# [DATA LISTING]
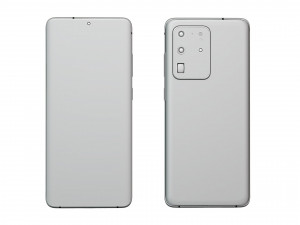 samsung galaxy s20 ultra gray cosmic gray 3D Модель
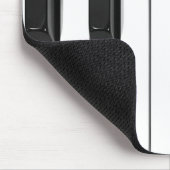 Tapis De Souris Clavier Piano Noir & Blanc Design Mousepad (Coin)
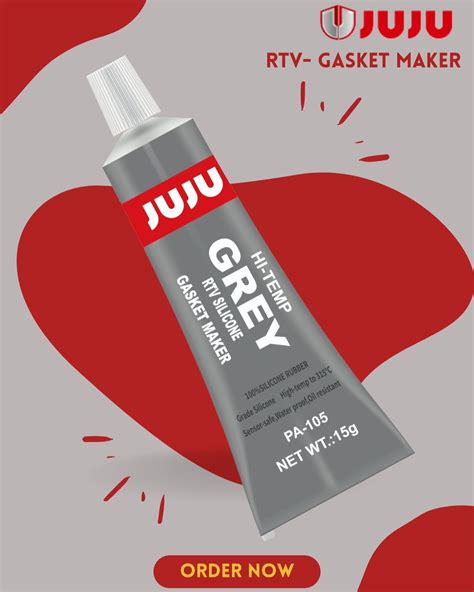 JUJU | "Seal it right with RTV Gasket Maker! 🔩🛠 Perfect for high-temperature, oil-resistant, and ...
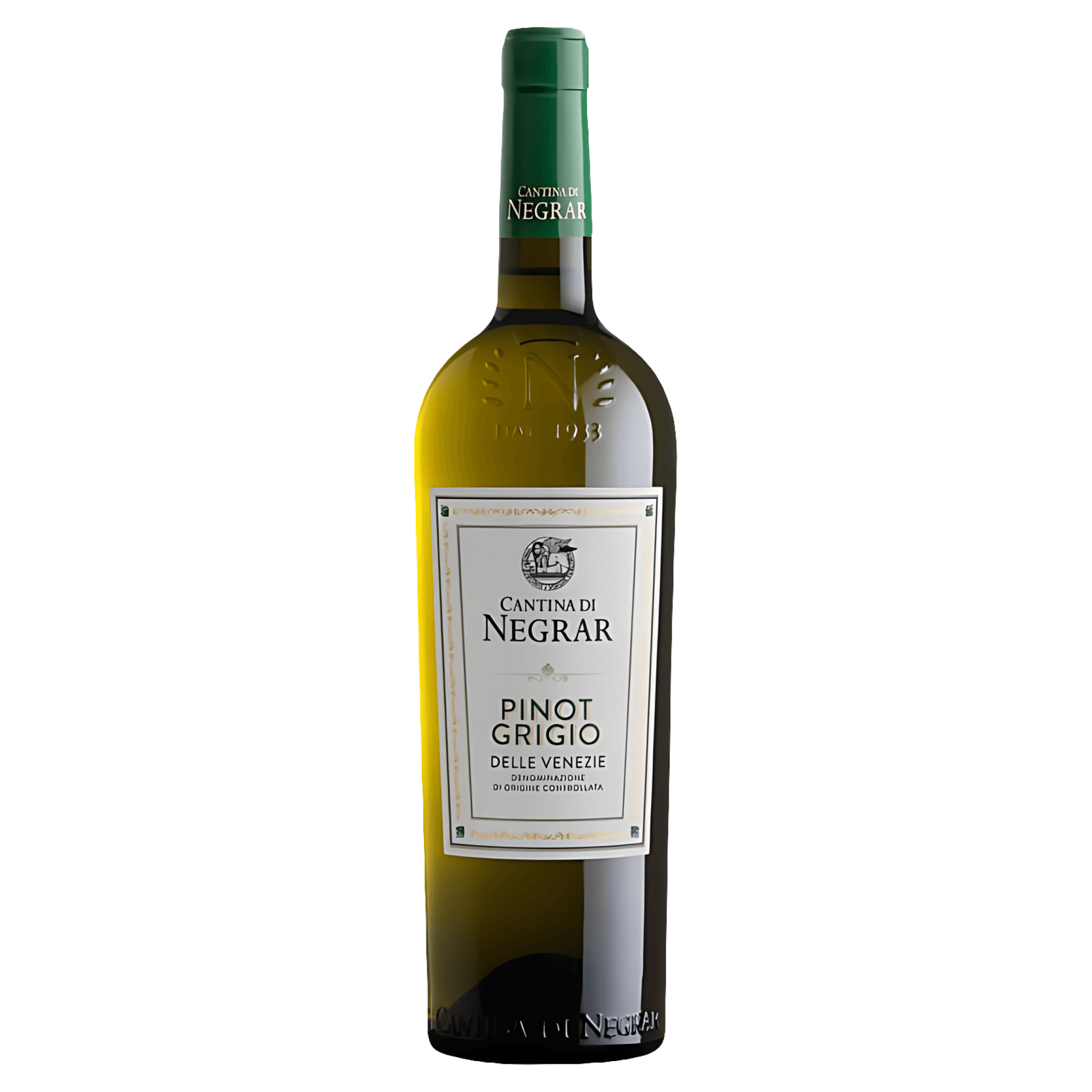Vin alb sec Cantina di Negrar Delle Venezie, Pinot Grigio, 0.75 l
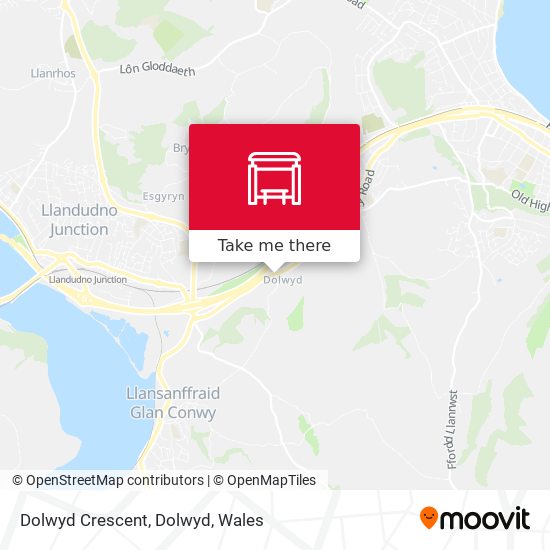 Dolwyd Crescent, Dolwyd map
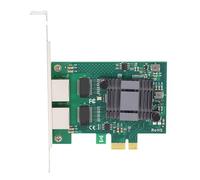 Dual Port Gigabit Network Card PCIe X1 RJ45 for 82575 Chipset, Aluminum Heat Sink Design, ENIG Process, Industrial Control Compatible with Red Hat Enterprise, Freebsd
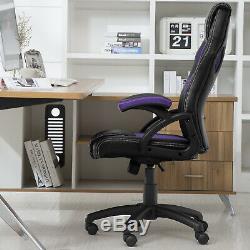 Luxury Executive Racing Gaming Office Chair Rock Lift Swivel Computer Desk Chair
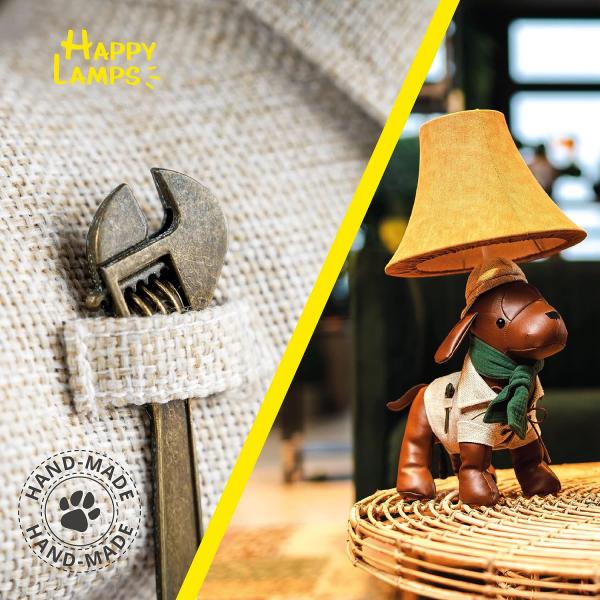 Happy Lamps Stehlampe LED Tischleuchte Dekoleuchte Spike der Jagdhund Bild 3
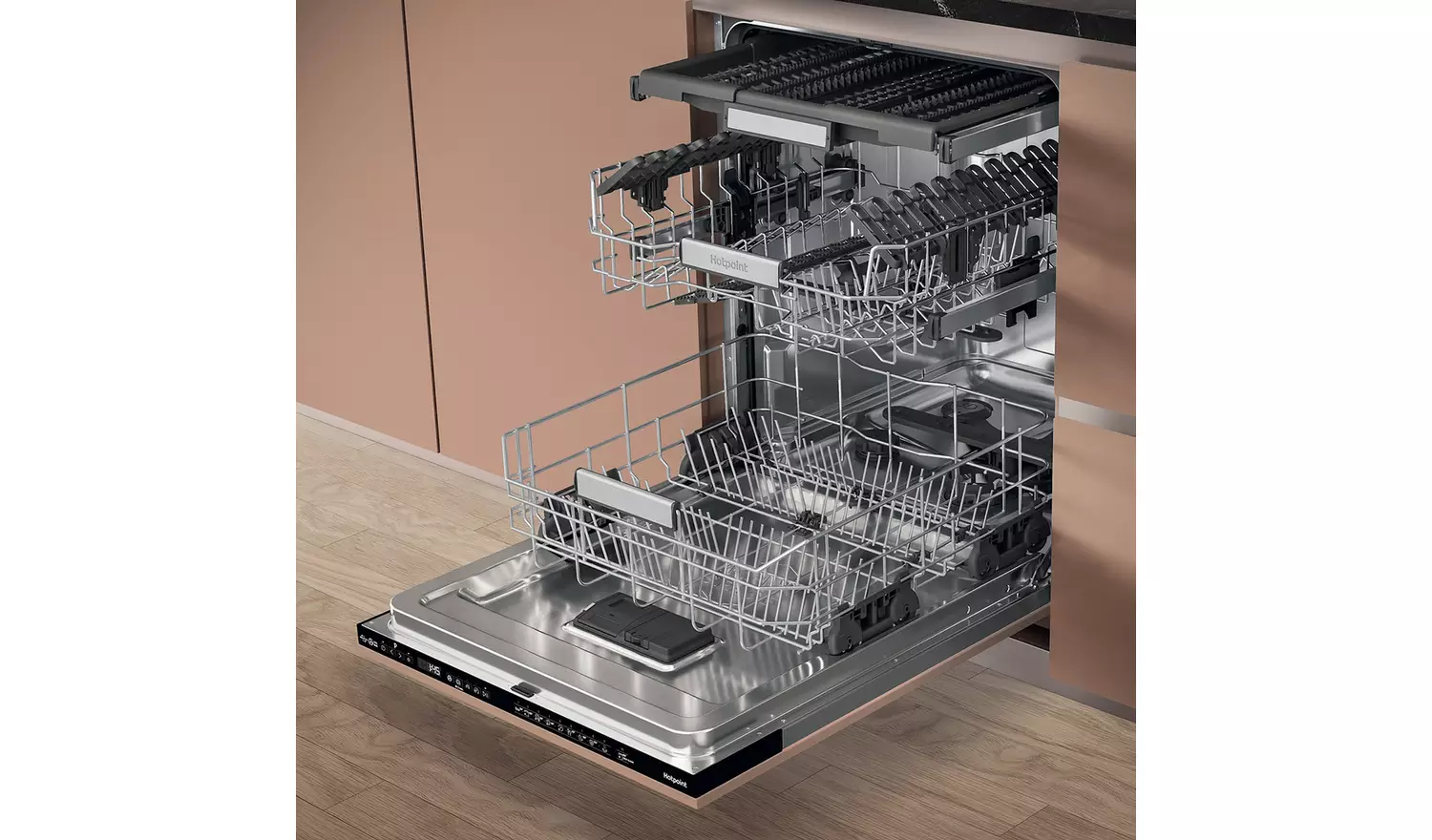 Hotpoint H7I HP42 L UK Full Size Integrated Dishwasher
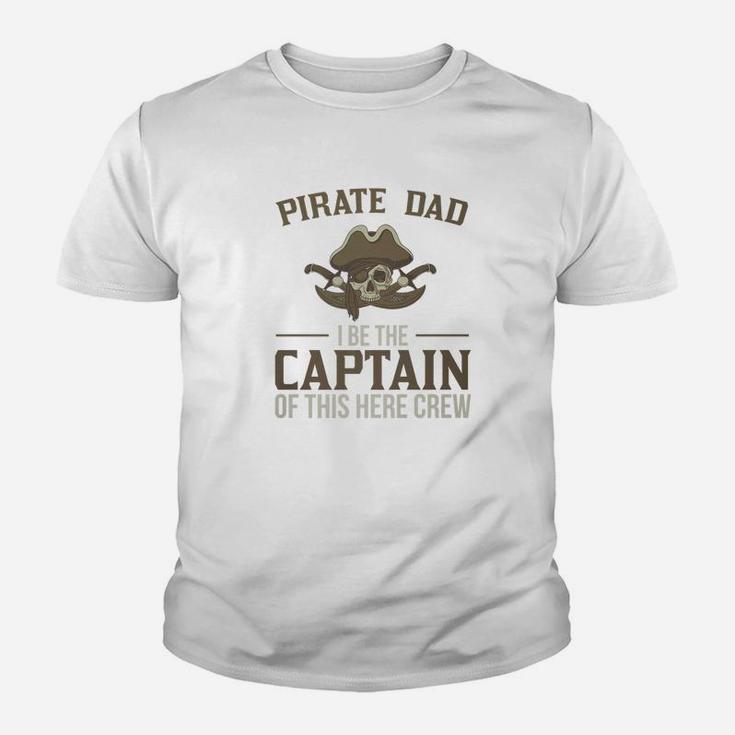 Pirate Dad I Be The Captain Of This Crew Kid T-Shirt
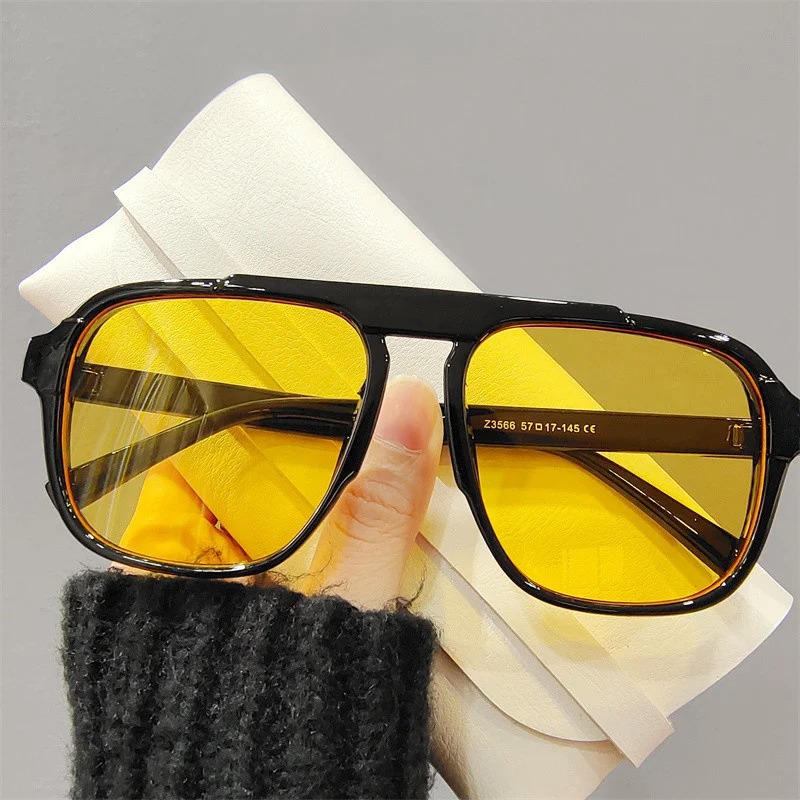 New Oversized Frame Sunglasses - Vintage Fashion Glasses avaliação e preço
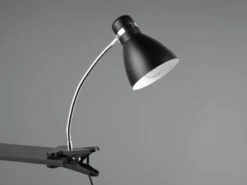 MeineWunschleuchte LED Klemmleuchte Flexibel, Chrom & Metallschirm Schwarz, 36cm 8 MeineWunschleuchte LED Klemmleuchte Flexibel, Chrom & Metallschirm Schwarz, 36cm -Lamp Geschaft led klemmleuchte flexibel chrom metallschirm schwa 3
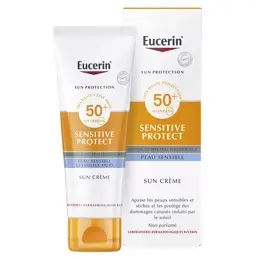 Eucerin Sun Protection Sensitive Protect Crème Solaire Visage SPF50+ 50ml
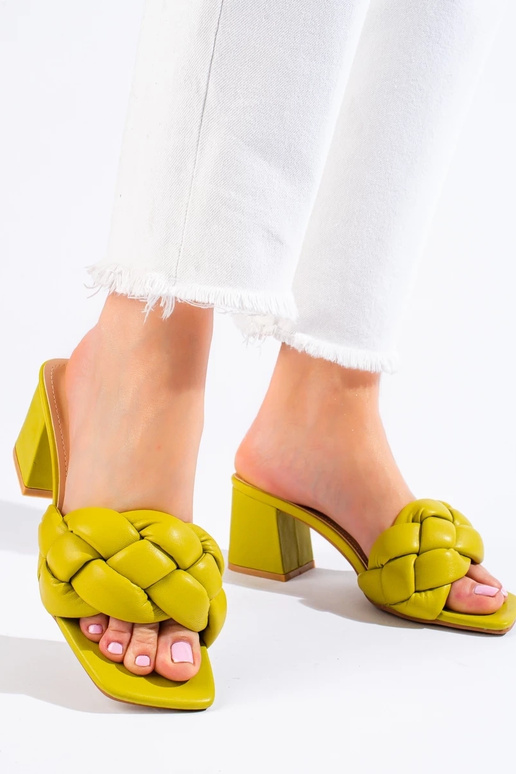 green color  slippers   Shelovet green color  slippers   Shelovet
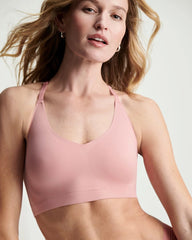 Racerback Bralette with Lace Back - ANTIQUE PINK | Soma Women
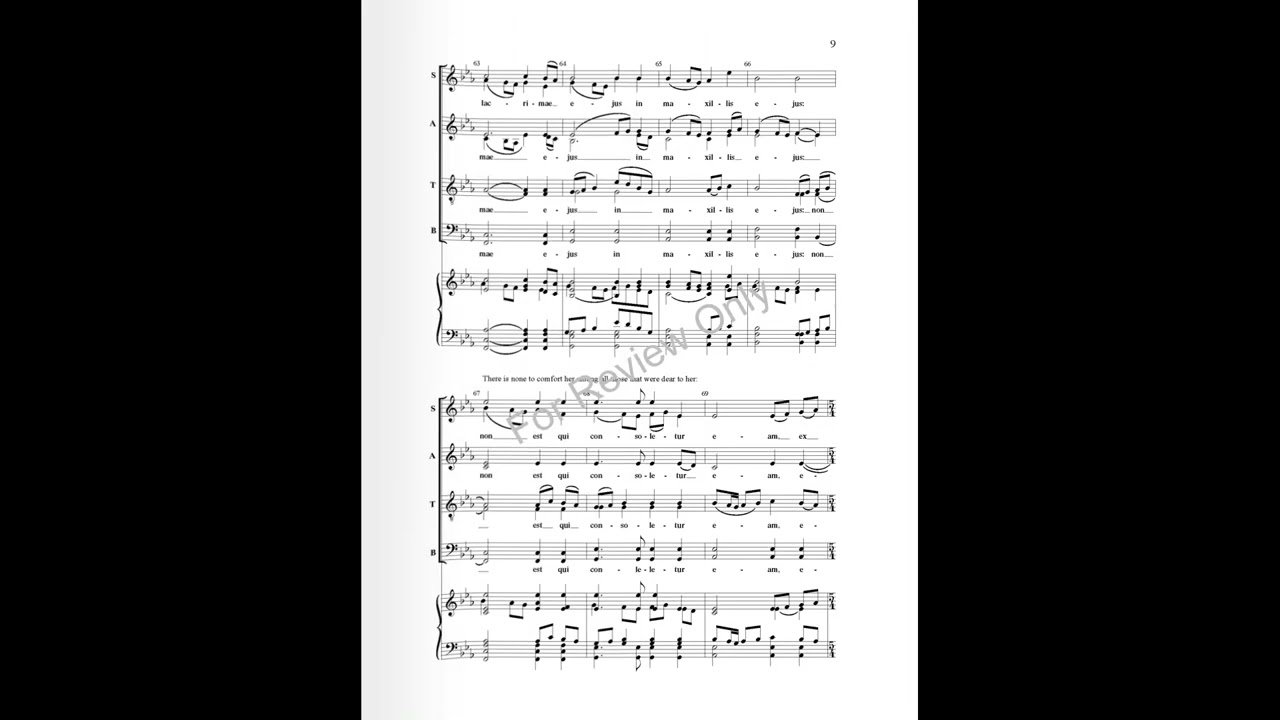 The Lamentations of Jeremiah (SATB)—Richard Burchard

# [WHAT TO WORK ON]
Copy each line above exactly, with no images.

# [SOLUTION TO THE EXERCISE]
 samsung galaxy s20 ultra gray cosmic gray 3D Модель
 Tapis De Souris Clavier Piano Noir & Blanc Design Mousepad (Coin)
 JUJU | "Seal it right with RTV Gasket Maker! 🔩🛠 Perfect for high-temperature, oil-resistant, and ...
Vin alb sec Cantina di Negrar Delle Venezie, Pinot Grigio, 0.75 l
 Dolwyd Crescent, Dolwyd map
 Dual Port Gigabit Network Card PCIe X1 RJ45 for 82575 Chipset, Aluminum Heat Sink Design, ENIG Process, Industrial Control Compatible with Red Hat Enterprise, Freebsd
 Luxury Executive Racing Gaming Office Chair Rock Lift Swivel Computer Desk Chair
 Happy Lamps Stehlampe LED Tischleuchte Dekoleuchte Spike der Jagdhund Bild 3
 Hotpoint H7I HP42 L UK Full Size Integrated Dishwasher
 Pirate Dad I Be The Captain Of This Crew Kid T-Shirt
 New Oversized Frame Sunglasses - Vintage Fashion Glasses avaliação e preço
 MeineWunschleuchte LED Klemmleuchte Flexibel, Chrom & Metallschirm Schwarz, 36cm 8 MeineWunschleuchte LED Klemmleuchte Flexibel, Chrom & Metallschirm Schwarz, 36cm -Lamp Geschaft led klemmleuchte flexibel chrom metallschirm schwa 3
 Eucerin Sun Protection Sensitive Protect Crème Solaire Visage SPF50+ 50ml
 green color  slippers   Shelovet green color  slippers   Shelovet
 Racerback Bralette with Lace Back - ANTIQUE PINK | Soma Women
 The Lamentations of Jeremiah (SATB)—Richard Burchard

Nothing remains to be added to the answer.